If I want to continue exploring the world, then I have to make the best of long airport waits, delays and hussling between gates. The other night at Hartsfield Atlanta Airport my gate changed 3 times, and that meant different concourses via the train system, which fortunately is very efficient. Add into the equation that I was on the last leg of my journey home and that I was dead tired didn't make it any nicer. I kept the proper attitude and figured that I added an additional two miles at least into my daily walking routine and found a lovely restaurant for a meal with a glass of wine. That was a win-win in my books.
The tug and pull of getting all the carryons into the overhead bins is another more recent phenomena in flying as folks try to manage luggage without paying the fees. People are forever asking me to give up my space - my carryon is compact on purpose - and put it under my seat so that their bulky one can have room. On long flights I am not so agreeable as my legroom will be limited and I feel that is an imposition. People tend to get pushy and agressive while traveling, and I find that I have to "stick to my guns" so to speak in return.
It's best to put on my headset immediately upon settling into my seat and cancelling out unwanted conversations and commotion. Boy, do I sound like a curmudgeon. Not so. I do it to get into flight mode, plan my sleep time and play relaxing music for a pleasant atmosphere before takeoff. See. There is a method to my drill.

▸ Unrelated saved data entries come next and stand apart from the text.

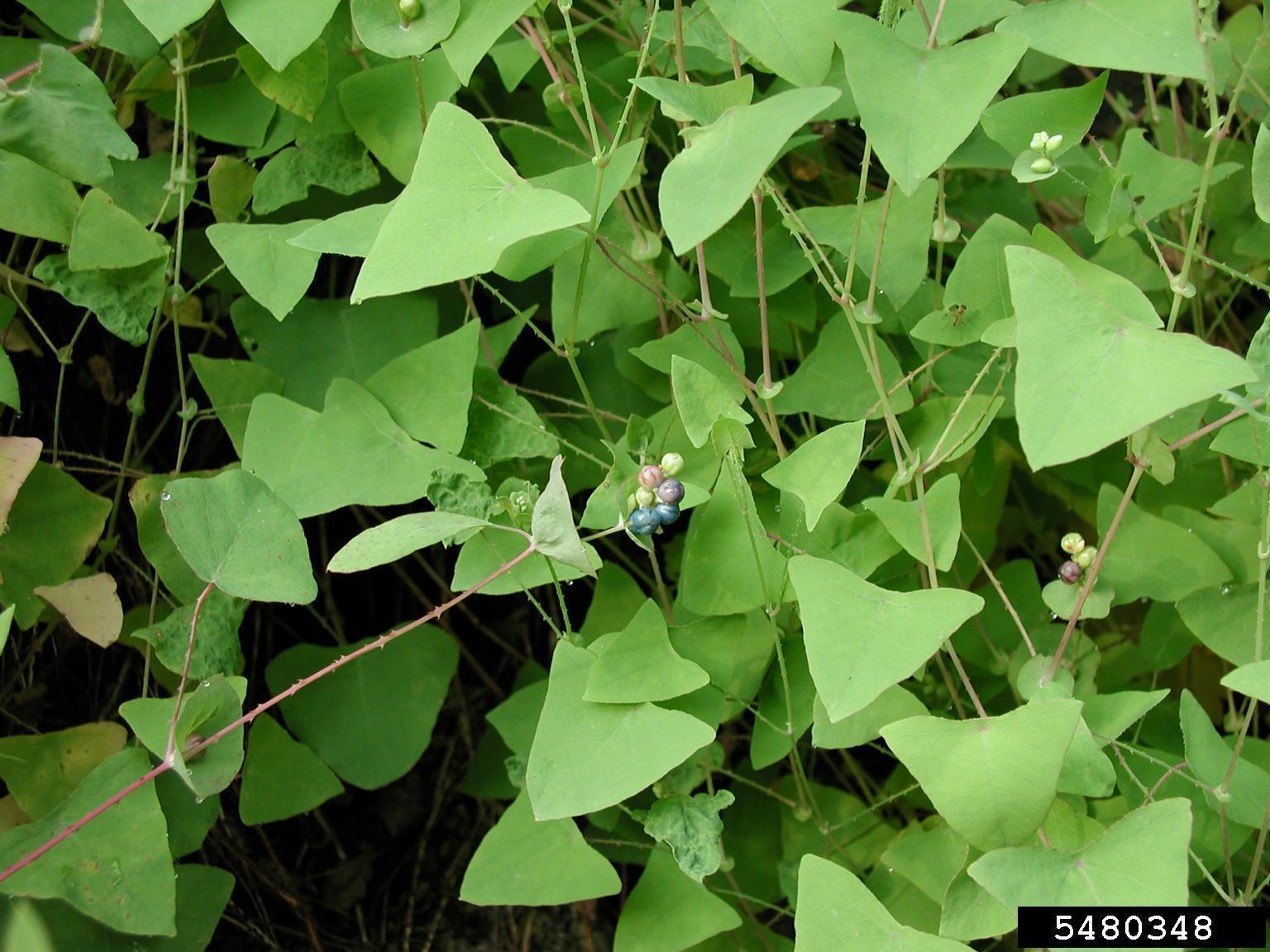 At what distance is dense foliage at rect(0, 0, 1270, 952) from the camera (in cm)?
56

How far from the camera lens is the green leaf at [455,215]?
542mm

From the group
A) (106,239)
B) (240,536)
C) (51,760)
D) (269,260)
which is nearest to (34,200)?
(106,239)

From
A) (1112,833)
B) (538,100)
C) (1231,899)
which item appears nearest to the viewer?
(1112,833)

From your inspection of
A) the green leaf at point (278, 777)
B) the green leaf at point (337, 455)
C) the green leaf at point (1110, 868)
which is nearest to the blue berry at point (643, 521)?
the green leaf at point (337, 455)

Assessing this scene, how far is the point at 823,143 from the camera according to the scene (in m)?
1.02

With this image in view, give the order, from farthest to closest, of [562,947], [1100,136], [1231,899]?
1. [1100,136]
2. [562,947]
3. [1231,899]

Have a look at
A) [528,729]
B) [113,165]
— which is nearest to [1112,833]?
[528,729]

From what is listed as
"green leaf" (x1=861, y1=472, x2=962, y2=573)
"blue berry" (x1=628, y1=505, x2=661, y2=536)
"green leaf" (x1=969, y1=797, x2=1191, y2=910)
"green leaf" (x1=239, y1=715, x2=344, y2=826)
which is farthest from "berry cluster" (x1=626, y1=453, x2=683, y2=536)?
"green leaf" (x1=239, y1=715, x2=344, y2=826)

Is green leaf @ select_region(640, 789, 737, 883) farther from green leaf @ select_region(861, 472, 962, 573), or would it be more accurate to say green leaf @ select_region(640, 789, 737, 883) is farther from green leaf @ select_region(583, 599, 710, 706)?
green leaf @ select_region(861, 472, 962, 573)

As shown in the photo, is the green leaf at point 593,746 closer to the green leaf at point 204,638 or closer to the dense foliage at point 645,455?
the dense foliage at point 645,455

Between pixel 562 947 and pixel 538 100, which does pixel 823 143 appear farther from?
pixel 562 947

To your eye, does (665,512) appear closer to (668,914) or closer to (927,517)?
(927,517)

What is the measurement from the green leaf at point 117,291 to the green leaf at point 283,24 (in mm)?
200

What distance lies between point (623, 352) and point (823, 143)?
0.32 meters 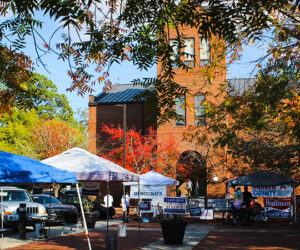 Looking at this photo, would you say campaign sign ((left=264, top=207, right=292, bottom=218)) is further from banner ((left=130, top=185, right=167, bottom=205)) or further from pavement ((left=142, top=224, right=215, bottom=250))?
pavement ((left=142, top=224, right=215, bottom=250))

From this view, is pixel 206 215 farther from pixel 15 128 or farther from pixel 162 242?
pixel 15 128

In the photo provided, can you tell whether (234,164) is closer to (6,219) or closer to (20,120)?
(6,219)

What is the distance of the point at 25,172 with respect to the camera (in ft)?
30.7

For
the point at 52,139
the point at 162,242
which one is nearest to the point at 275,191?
the point at 162,242

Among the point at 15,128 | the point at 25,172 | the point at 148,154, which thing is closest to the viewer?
the point at 25,172

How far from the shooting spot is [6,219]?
51.0 feet

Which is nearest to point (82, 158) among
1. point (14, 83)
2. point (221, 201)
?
point (14, 83)

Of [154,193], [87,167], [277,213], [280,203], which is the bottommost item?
[277,213]

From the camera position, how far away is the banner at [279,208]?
20750 millimetres

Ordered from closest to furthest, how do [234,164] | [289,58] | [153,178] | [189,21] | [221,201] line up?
[189,21] < [289,58] < [153,178] < [234,164] < [221,201]

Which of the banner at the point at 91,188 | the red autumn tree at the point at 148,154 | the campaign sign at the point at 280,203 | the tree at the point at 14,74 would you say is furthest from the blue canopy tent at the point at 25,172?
the red autumn tree at the point at 148,154

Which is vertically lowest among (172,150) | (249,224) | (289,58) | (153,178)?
(249,224)

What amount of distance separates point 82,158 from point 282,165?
11752mm

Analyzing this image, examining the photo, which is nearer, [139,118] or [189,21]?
[189,21] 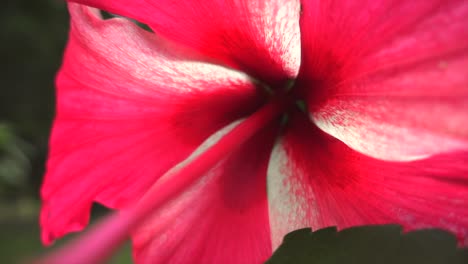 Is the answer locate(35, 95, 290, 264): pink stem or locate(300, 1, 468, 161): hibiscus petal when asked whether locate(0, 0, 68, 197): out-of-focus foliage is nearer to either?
locate(35, 95, 290, 264): pink stem

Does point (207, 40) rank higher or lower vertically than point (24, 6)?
higher

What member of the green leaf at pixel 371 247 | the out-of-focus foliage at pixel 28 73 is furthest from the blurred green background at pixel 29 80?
the green leaf at pixel 371 247

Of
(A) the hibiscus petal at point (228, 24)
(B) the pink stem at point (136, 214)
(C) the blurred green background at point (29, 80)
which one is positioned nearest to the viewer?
(B) the pink stem at point (136, 214)

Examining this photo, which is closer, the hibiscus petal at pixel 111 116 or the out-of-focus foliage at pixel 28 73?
the hibiscus petal at pixel 111 116

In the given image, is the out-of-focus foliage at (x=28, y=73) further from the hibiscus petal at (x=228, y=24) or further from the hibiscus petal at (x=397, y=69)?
the hibiscus petal at (x=397, y=69)

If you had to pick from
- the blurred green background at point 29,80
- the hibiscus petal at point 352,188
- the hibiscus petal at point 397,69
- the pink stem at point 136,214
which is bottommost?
the blurred green background at point 29,80

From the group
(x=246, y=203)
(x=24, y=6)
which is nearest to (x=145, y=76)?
(x=246, y=203)

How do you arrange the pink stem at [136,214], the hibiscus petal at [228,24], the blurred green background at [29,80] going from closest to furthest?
the pink stem at [136,214] < the hibiscus petal at [228,24] < the blurred green background at [29,80]

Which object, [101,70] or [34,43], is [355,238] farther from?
[34,43]

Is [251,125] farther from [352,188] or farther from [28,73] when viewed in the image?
[28,73] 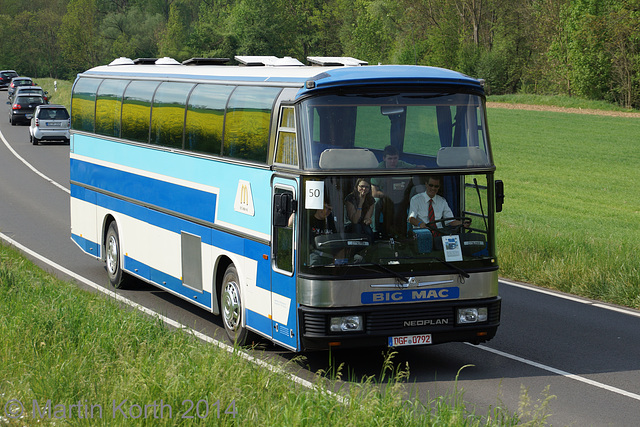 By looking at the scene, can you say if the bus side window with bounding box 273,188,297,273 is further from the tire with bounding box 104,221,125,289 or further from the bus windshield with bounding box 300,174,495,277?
the tire with bounding box 104,221,125,289

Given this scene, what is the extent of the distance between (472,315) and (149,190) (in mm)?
5751

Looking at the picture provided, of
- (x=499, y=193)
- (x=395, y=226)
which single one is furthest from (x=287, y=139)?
(x=499, y=193)

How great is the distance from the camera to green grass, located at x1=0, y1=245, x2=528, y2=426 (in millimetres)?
6727

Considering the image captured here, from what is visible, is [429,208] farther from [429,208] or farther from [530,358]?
[530,358]

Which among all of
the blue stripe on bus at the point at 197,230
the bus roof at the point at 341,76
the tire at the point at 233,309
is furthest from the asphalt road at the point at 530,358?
the bus roof at the point at 341,76

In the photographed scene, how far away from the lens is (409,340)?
9859 millimetres

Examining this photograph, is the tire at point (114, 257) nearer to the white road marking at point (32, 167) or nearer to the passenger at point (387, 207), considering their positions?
the passenger at point (387, 207)

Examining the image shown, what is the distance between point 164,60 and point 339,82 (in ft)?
22.6

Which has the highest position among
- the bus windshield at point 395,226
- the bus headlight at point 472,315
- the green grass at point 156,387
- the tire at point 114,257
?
the bus windshield at point 395,226

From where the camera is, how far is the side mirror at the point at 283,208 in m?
9.66

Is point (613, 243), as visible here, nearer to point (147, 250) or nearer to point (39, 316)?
point (147, 250)

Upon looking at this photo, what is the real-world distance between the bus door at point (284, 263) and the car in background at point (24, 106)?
5052 centimetres

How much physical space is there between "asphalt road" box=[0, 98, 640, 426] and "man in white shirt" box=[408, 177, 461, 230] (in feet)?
5.30

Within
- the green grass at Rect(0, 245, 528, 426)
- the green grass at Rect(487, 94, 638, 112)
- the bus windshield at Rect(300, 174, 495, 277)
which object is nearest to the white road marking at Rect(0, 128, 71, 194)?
the green grass at Rect(0, 245, 528, 426) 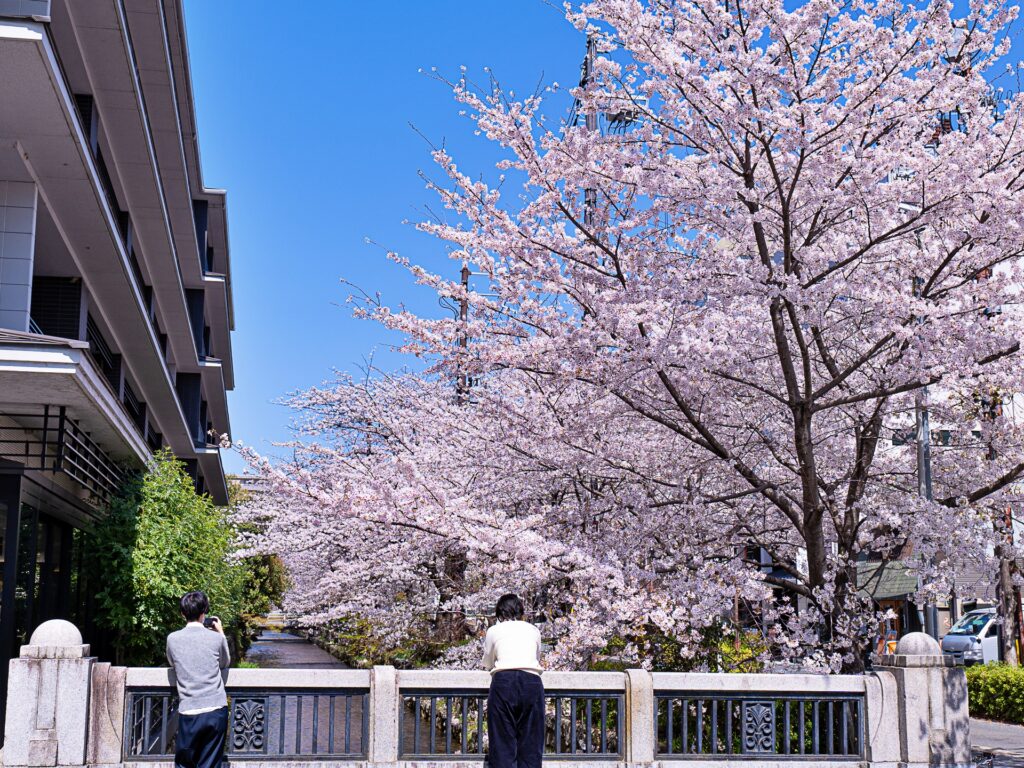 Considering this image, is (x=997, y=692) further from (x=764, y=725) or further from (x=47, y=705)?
(x=47, y=705)

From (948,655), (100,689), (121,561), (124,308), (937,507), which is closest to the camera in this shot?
(100,689)

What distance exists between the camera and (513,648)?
29.6 feet

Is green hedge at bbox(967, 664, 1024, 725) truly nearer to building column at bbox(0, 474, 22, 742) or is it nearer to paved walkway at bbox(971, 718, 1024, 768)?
paved walkway at bbox(971, 718, 1024, 768)

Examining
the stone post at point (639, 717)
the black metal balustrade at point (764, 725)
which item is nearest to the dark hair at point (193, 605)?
the stone post at point (639, 717)

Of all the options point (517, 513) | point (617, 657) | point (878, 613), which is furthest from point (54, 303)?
point (878, 613)

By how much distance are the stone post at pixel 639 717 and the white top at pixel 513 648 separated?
1.84 metres

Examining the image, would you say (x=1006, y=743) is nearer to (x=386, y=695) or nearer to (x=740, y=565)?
(x=740, y=565)

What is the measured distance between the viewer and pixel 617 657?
1364cm

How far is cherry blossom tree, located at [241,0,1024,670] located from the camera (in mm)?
11383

On travel days I make sure to wear comfortable clothing for sitting on a plane -forget the tight stylish pants that I can barely snap - and slip on shoes primarily for TSA checks. A neck scarf to ward off extremes of cabin temperatures is handy. I'm still working on finding the best pillow. I saw one - it wraps around the neck like a small towel - used by a fellow traveler that looks that it might be the solution. My purse becomes my arsenal with all the essentials including my phone with airline apps - I check them for workability and know my passwords before I leave on a trip - for keeping updated on gate changes and information on my luggage transfers.
Finally, I remind myself that I should read all the signage in an airport first - I study airport layouts before I leave home -and secondly, ask questions if in doubt. It works every time.
And my last piece of advice: Don't let the mere thought of what I have said get the best of you.